* **Prompt**
The lines below, from the one containing "Dzbanek miedziany gładki" through the one containing "Howlite and Synthetic", should be set down exactly, with no pictures and nothing else.

* **Dataset excerpts**
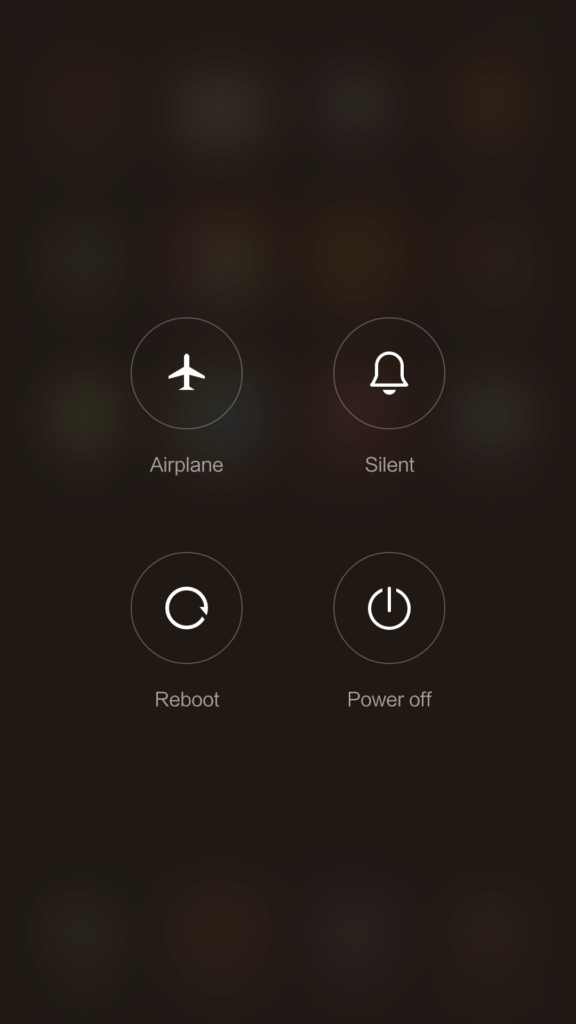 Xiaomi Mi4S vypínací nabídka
==
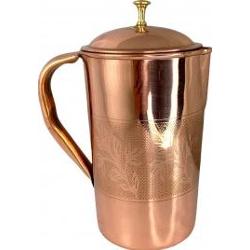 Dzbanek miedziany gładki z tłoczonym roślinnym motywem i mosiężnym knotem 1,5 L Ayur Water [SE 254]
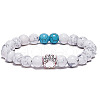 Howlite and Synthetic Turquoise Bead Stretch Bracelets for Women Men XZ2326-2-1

* **Response box**
 Dzbanek miedziany gładki z tłoczonym roślinnym motywem i mosiężnym knotem 1,5 L Ayur Water [SE 254]
 Howlite and Synthetic Turquoise Bead Stretch Bracelets for Women Men XZ2326-2-1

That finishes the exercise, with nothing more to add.